El Salvador on Aug. 21 became the latest country to break diplomatic relations with Taiwan in favor of establishing them with China. The move left Taiwan with just 17 nations that recognize its government, nine of which are in Latin America and the Caribbean. Why did El Salvador’s government make the move now, and what will it mean for the country’s economy? What has severing relations with Taiwan and establishing them with China meant for other countries, such as Panama and the Dominican Republic, which have recently made that move? Will more Latin American and Caribbean countries break relations with Taiwan, and what will result from Taiwan’s growing diplomatic isolation?

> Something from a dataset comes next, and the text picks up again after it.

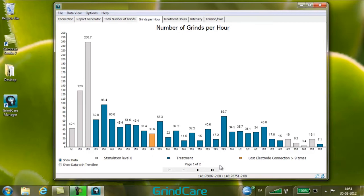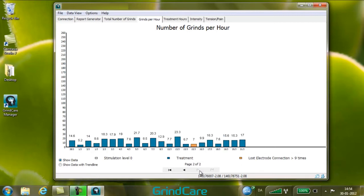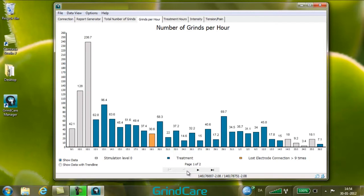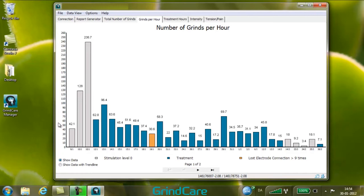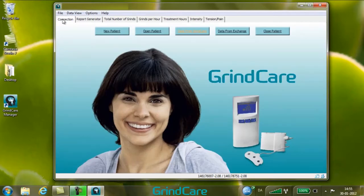The page buttons at the bottom of the screen allow you to navigate between pages in the displayed patient file. Click the radio buttons at the bottom left to select whether data is shown with or without a trend line.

Margaret Myers, director of the Asia & Latin America Program at the Inter-American Dialogue: “El Salvador’s decision to sever ties with Taiwan came as a surprise to most, including plenty of Salvadorans. The current administration reportedly made the decision behind closed doors, so many high-ranking legislators and officials were caught unawares. China no doubt made a series of promises to the ruling Farabundo Martí National Liberation Front (FMLN) in exchange for its support, but the details of those have yet to surface in their entirety. If Costa Rica, the Dominican Republic and Panama are any indication, El Salvador was likely promised more in the way of Chinese investment and trade, in addition to other cooperative agreements. China has expressed particular interest in upgrading the La Unión port. An infusion of Chinese capital and technical assistance could certainly benefit Salvadorans, but only if conditions are in place to ensure that Chinese engagement is both environmentally and socially sustainable and will result in concrete gains such as new jobs, tech transfer and/ or growth in Salvadoran exports. The FMLN no doubt struck this deal with the February presidential election in mind, and it might benefit from big investment-related announcements in the coming months. But the best outcomes for Salvadorans will require open and transparent debate about the benefits and drawbacks of Chinese projects, and critical study of Latin American experiences with Chinese ports and other investments. The consequences of bad deal-making could otherwise be felt for generations to come.”

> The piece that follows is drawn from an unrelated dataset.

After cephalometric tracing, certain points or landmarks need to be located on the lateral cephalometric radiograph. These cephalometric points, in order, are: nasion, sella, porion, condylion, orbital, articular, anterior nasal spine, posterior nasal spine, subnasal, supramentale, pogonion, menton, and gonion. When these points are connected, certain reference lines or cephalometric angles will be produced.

Ricardo Cevallos, partner at BLP Abogados in El Salvador: “Five months before the presidential elections in El Salvador, the FMLN after two consecutive presidential terms is under pressure from voters. It does not have the enormous economic support that it had in the past from Venezuela. While President Sánchez Cerén was announcing the breaking of relations with Taiwan, the foreign ministry of Taiwan was making public that it had received a request from the FMLN for an extraordinary amount of money to finance its campaign ahead of next February’s election. Additionally, China is interested in investing in the Port of Cutuco in the eastern part of the country, a Saca administration project that never took off. El Salvador’s Congress is considering the creation of a special economic area surrounding the port. If all this happens, China will have the opportunity to develop the port and a large trading zone for the manufacturing and distribution of Chinese products. This will certainly help an economy that shows no signs of recovery, but at what cost? Taiwan is losing its battle to China’s deep pockets. Other countries in the region began this trend of breaking relations in recent years, but the impact on their economies is still being evaluated. China has benefited with a stronger presence in the region that could soon signify faster routes and the benefits of low tariffs for its commerce with North America and Europe. In addition to the economic aspect, there is growing geopolitical presence of China in the area, which the United States is beginning to show concern about.”

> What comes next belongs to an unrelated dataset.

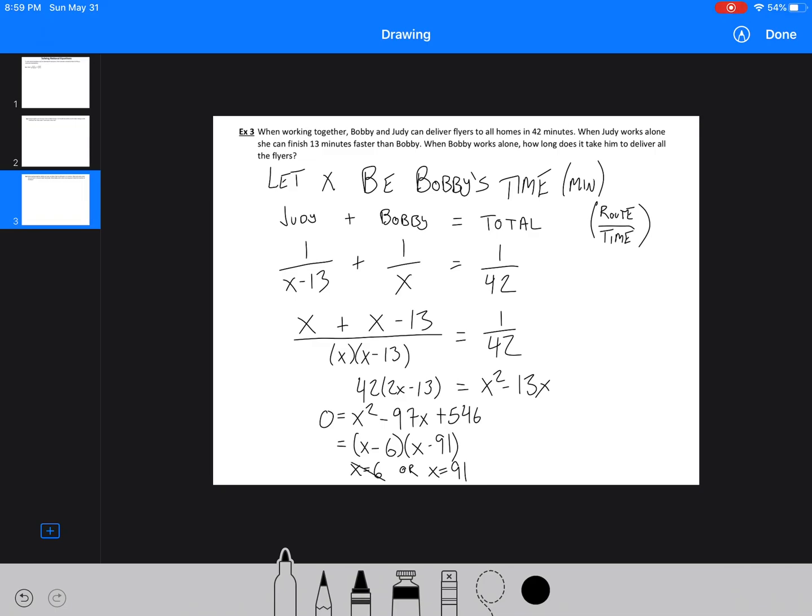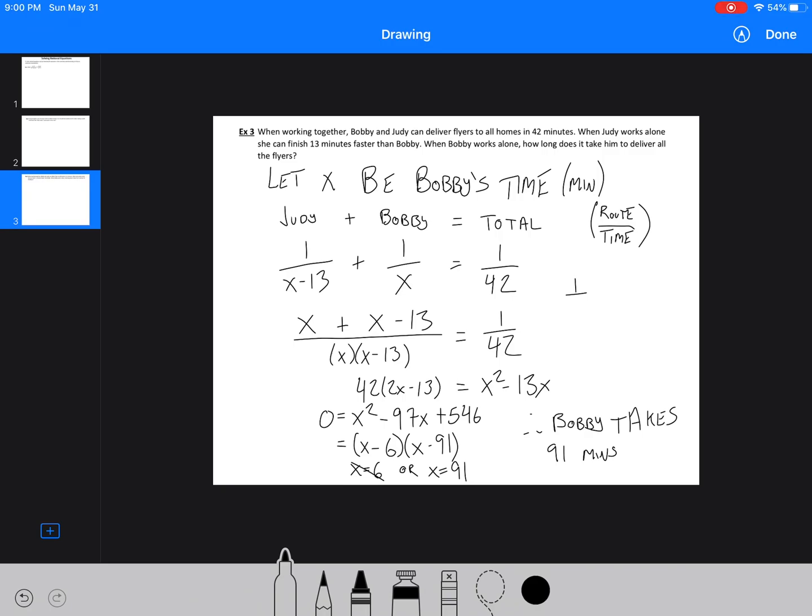Now, we can ignore the X equals 6, because Judy has to be able to deliver it 13 minutes faster than Bobby. Judy can't be done 7 minutes before she started. That doesn't make sense. We can't acknowledge that. So therefore, Bobby takes 91 minutes. And if we did 1 over, 91 minus 13 is 78, 1 over 78 plus 1 over 91, you're going to find that it equals 1 over 42. So there's my check, and that would just be mental math that I would do over to the side. All right.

Carlos Imendia, economic consultant based in San Francisco: “The tip of the iceberg shows a shadowy move from a government months before it leaves office. Underwater, there are more dangerous driving forces related to geopolitics where a country’s strategic position matters, opening the old Pandora’s box of the 1980s with new actors, in line with Managua’s recent moves on a chessboard filled with China’s expansionist experiments. Negative economic implications will affect the whole area in the long run. The integration process in general and the fate of the Central American Bank for Economic Integration in particular may be imperiled. Taiwan finances regional initiatives and is one of the bank’s three largest stakeholders. With this decision, it loses an ally on the bank’s board of directors, which includes several representatives from nations that have dashed its hopes of becoming a state. Scenarios on future dynamics abound, probably with no desertions. However, El Salvador’s move is posing critical uncertainties and tensions with the United States with high costs for Central America’s well-being. Let’s be clear, even though it has supported development projects, Taiwan also has had a corrupting role in the entire isthmus with its checkbook diplomacy. A declining Taiwan doesn’t just reflect China’s increasing weight in world affairs; it raises the possibility of other shady deals.”